Chicago Field Museum Decides To Embrace Cross-Promotion Instead Of Trademark Protectionism With Brewery

from the to-sue-or-not-to-sue dept

When it comes to trademark issues, we tend to keep our pages filled with stories about disputes, bullying, and over-protectionism. While we try to highlight good-actors on matters of trademark, those stories are too few and far between for our tastes. With that in mind, why not start off the new year with one such example?

Toppling Goliath is a brewery in Iowa with a number of regular and seasonal beers. One of those is PseudoSue, an ale with a label that features a roaring Tyrannosaurus rex. Anyone from the Chicago area is likely already thinking of our beloved Field Museum and the enormous T. rex fossil skeleton of Sue, who the museum tends to dress up like some kind of prehistoric barbie doll whenever one of our local sports teams has themselves a particularly good season. The museum has a trademark registration for Sue that covers all kinds of mechandise and initially reacted as readers of this site will have come to expect.

“Initially the Field Museum was very hard line about” wanting to protect their trademark of the name Sue used with the image of a T. Rex, said Martha Engel, an intellectual property attorney who represents Toppling Goliath.

But, instead, the stance of those at the museum — ahem — evolved into one more cooperative with the brewery. Rather than going the protectionist route, both parties talked through a more amicable solution: a full-blown partnership to benefit both sides.

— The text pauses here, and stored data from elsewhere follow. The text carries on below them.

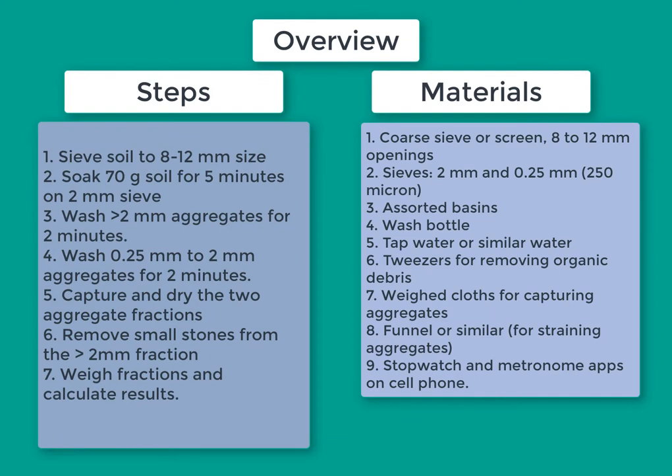This method measures the fraction of aggregates that are stable after wetting of soil. Both larger aggregates, those greater than 2 mm, and smaller ones between 1.25 mm and 2 mm are measured. Soil is pre-sieved to about 10 mm size and then soaked in water. This soil is then sequentially washed on 2 mm and 0.25 mm sieves. Both stable fractions are captured on filters or cloths and weighed. Soil particles less than 0.25 mm are discarded.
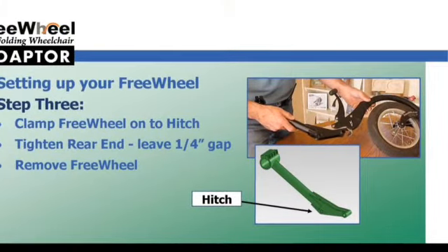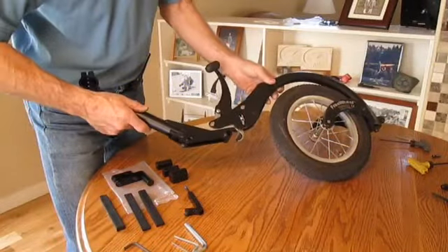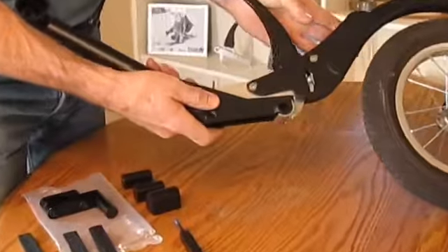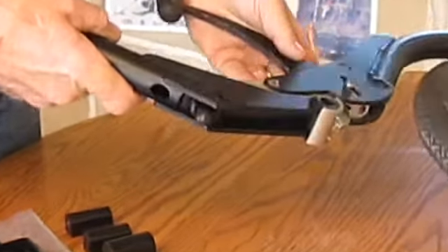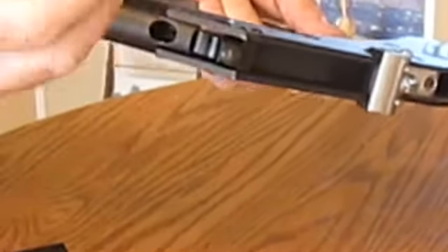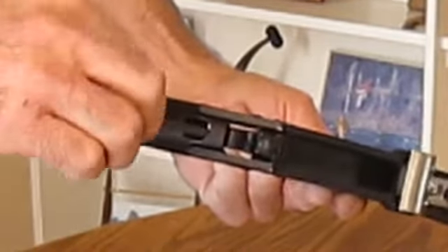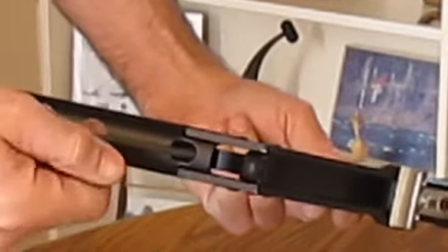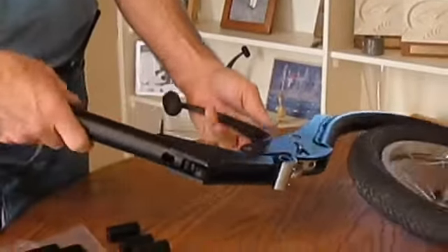This next step involves taking the FreeWheel and clamping it onto the hitch. Install the FreeWheel onto the hitch and close the handle of the FreeWheel. Once it is secure, turn the hitch over and insert the Allen wrench into the hole at the bottom of the hitch and finish tightening the rear end. The connection should be nice and secure. Now remove the FreeWheel from the hitch before the next step.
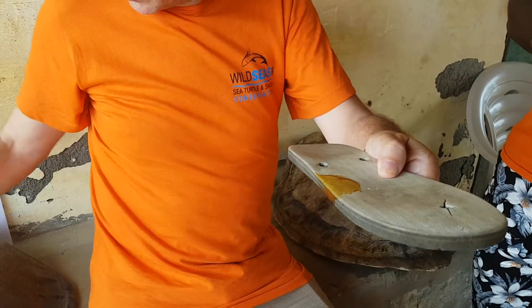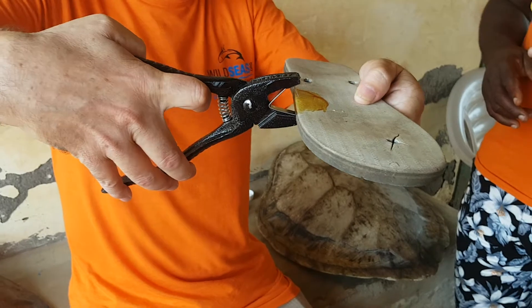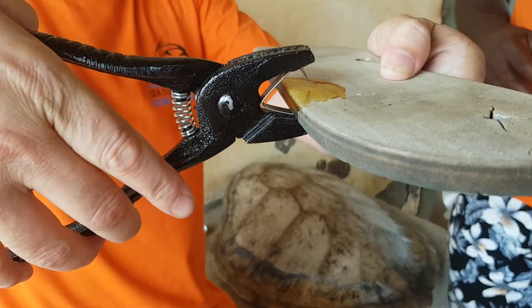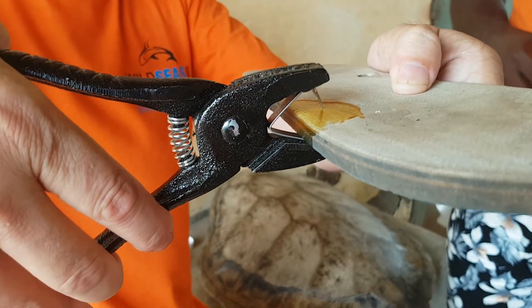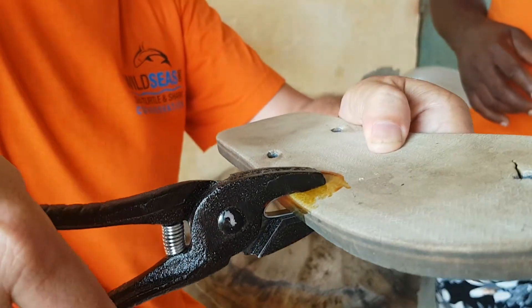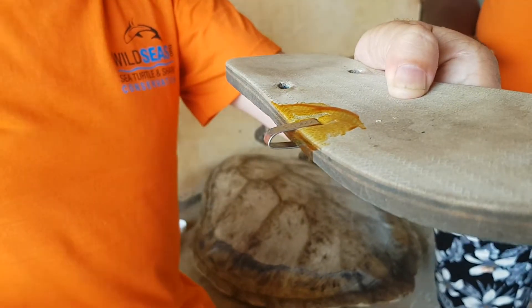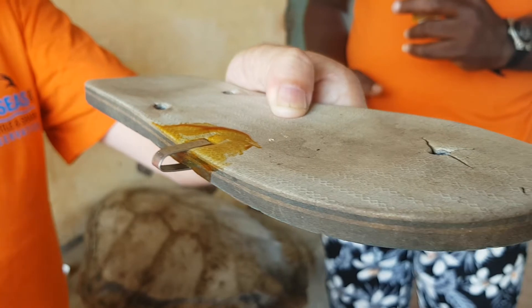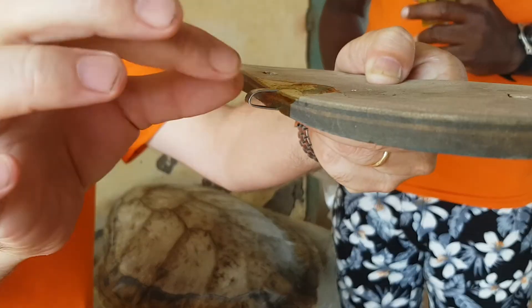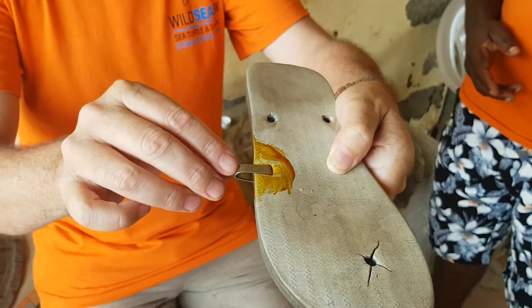Then, in as swift a movement as possible, we take the flipper and place the tag leaving a gap of approximately 8mm at the trailing edge of the tag, and we press down sharply and swiftly. We then release and we will see that the tag is now applied to the flipper in a secure manner.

But, ultimately, the brewery owners and the marketing executives at the museum got together and decided to create a cross-promotion scheme rather than launch a legal fight.

“It became obvious that we could work well together,” Clark Lewey, a co-owner of the brewery, said. As part of the deal, Toppling Goliath will print new labels for PseudoSue and another beer called King Sue that promote the Field Museum and Sue, the T. Rex.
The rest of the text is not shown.